Chad Taylor Quintet, Smoke Shifter Review
Chad Taylor Quintet: Textures in Motion in Smoke Shifter
By Nolan DeBuke
Chad Taylor’s Smoke Shifter is a modern jazz statement by an ensemble that knows exactly when to play and listen. Recorded at Samurai Hotel Recording in a single day, barely a take or two per tune, the s-x song album captures the quintet in full conversational flight. The performances trace a spectrum of rhythmic moods, contemporary harmonic language, and kinesthetic ensemble identity. Smoke Shifter is a record that rewards close listening by demonstrating how composition, improvisation, and timbre form a complete musical ecosystem.
Taylor has long been regarded as a structurally inventive drummer, and here he steps forward as a percussive architect to form the gravitational center of the ensemble. The ensemble is defined equally by trust and a common jazz language. Jonathan Finlayson’s agile trumpet, Bryan Rogers’ lyrical and incisive tenor saxophone, Victor Vieira-Branco’s vibraphone, and Matt Engle’s anchoring bass combine to create a modern quintet sound that is texturally and rhythmically creative.

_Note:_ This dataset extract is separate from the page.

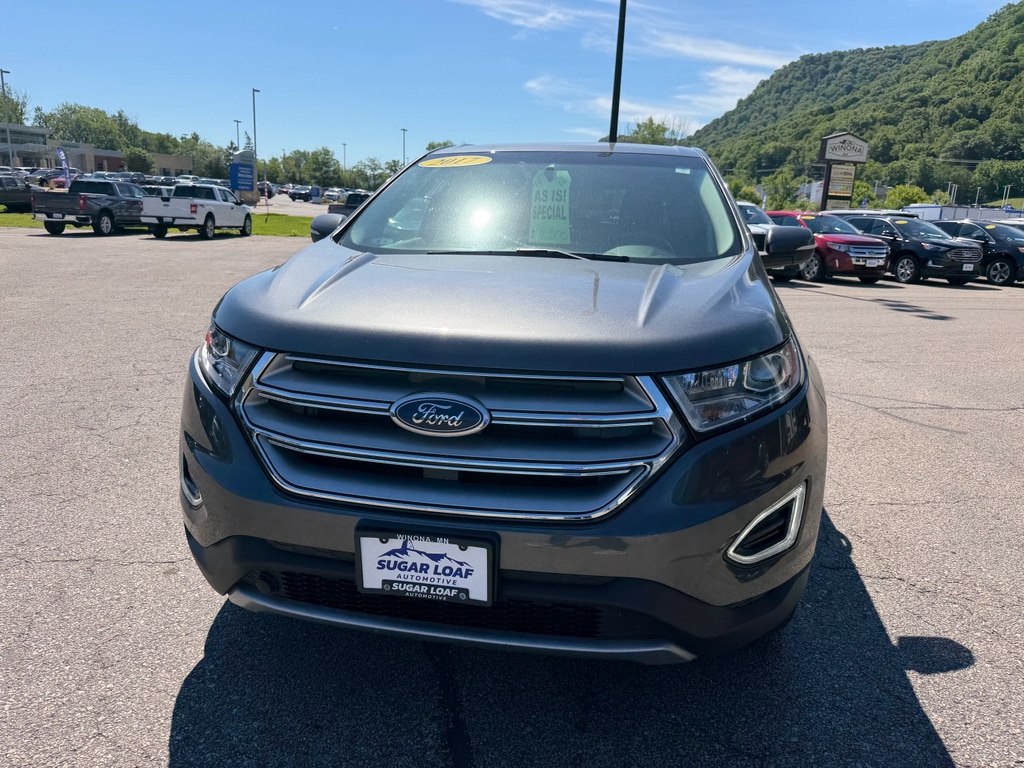 Used 2017 Ford Edge SEL with VIN 2FMPK4J91HBB96890 for sale in Winona, Minnesota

The album opens with “Broken Horse,” and it’s an ideal beginning because it establishes the aesthetic premise of rhythm as terrain and counterpoint as propulsion. The interaction of bass lines, circular, firm, and charged, creates a hypnotic undercurrent that grounds the mood. The vibraphone’s pastel sheen softens the edges, giving the music a kind of brushed luminosity.
When the center-section arrives and the Taylor and Finlayson solo in tandem, the record’s defining characteristic becomes unmistakable. The conversational improvisation is a driving force on this album. The horns and rhythm section interweave, forming braided melodic strands that stretch outward and curve back toward the topic of the conversation. Taylor’s drumming layers parts into a composite pattern that grooves as a mosaic rather than a singular line. It’s a powerful opening statement of collective intention.
“Avian Shadow” shifts the palette into contemporary groove jazz with subtly interlocking pulses. The flow of the piece hinges on Taylor’s ability to move between textures, and the moment that best illuminates this is the transition from trumpet solo to saxophone solo.
Taylor deploys a full color palette, changing cymbal surface, redistributing rhythmic weight, and sculpting a new environment for Rogers before he even enters. The textures intertwine, accumulate, and rise toward a climax before settling back into the groove. This is an excellent illustration of contemporary ensemble shape-building. The band members breathe as a unit, adjusting density and energy with remarkable naturalness.
A contemporary jazz ballad in three, “Waltz for Meghan,” reveals the ensemble’s quieter virtues. The melody is disarmingly engaging—direct yet harmonically nuanced—and Engle’s bass solo becomes the emotional hinge of the track, unfolding with shaped contours and subtle motivic development. His lines feel sung as much as played.
Vieira-Branco’s vibraphone colors the space with rhythmic accents and soft, hovering tones, adding a gentle iridescence to the harmonic field. Taylor’s contribution is essential to the feel, acting as an ever-present pulse that moves the feel through each section and anchors the transitions.
The title track reorients the album’s energy with a contemporary jazz composition inflected by Latin rhythmic sensibilities. Rather than leaning on genre tropes, the piece uses Latin motion as a structural engine that powers the melody and improvisational development.
Vieira-Branco’s solo here is a standout: energetic, fluid, and strikingly musical. His approach balances crisp articulation with sweeping phrases, allowing him to thread lines through the rhythmic grid with both precision and freedom. Taylor and Engle keep the groove while feeding momentum without overstatement.
“October 26th” steps into a more spacious, introspective world. The ballad carries unmistakable European jazz overtones with open harmonies, expansive time feel, and a sense of narrative unfolding. The performance grows gradually into a collective improvisation, each voice entering not as a soloist but as part of a slow-rising tide.
The climax arrives as the group builds intensity by layering timbre, contour, and direction. The final tapering vibraphone line is exquisitely placed, functioning as an epilogue of descending mist after the swell.
The closing track is the album’s architectural apex is “Paradise Lawns / October 29th.” Polyrhythmic patterns are abundant but never chaotic; the ensemble’s counterpoint is easy to follow because the parts interlock with mathematical clarity. The blending of textures of horn lines, vibraphone shimmer, bass grounding, and Taylor’s multi-layered drumming creates a unified groove that is deeply in the pocket.
Most compelling is how Taylor maintains thematic rhythmic relationships through the solo sections and interludes. He anchors while expanding, shapes while provoking. The track unfolds like a suite, pairing structural complexity with instinctive group motion. It’s a fitting finale: open-ended, richly constructed, and emblematic of the band’s modern identity.
Smoke Shifter is an album of contemporary jazz ensemble craft. The compositions offer clear frameworks while inviting the ensemble’s collective imagination. The improvisation is conversational, not competitive. The rhythm section is the foundation of the design shapes of everything the horns and vibraphone choose to say. With Smoke Shifter, Chad Taylor once again affirms what some of us have long known: when rhythm becomes language rather than pattern, the music speaks with extraordinary clarity.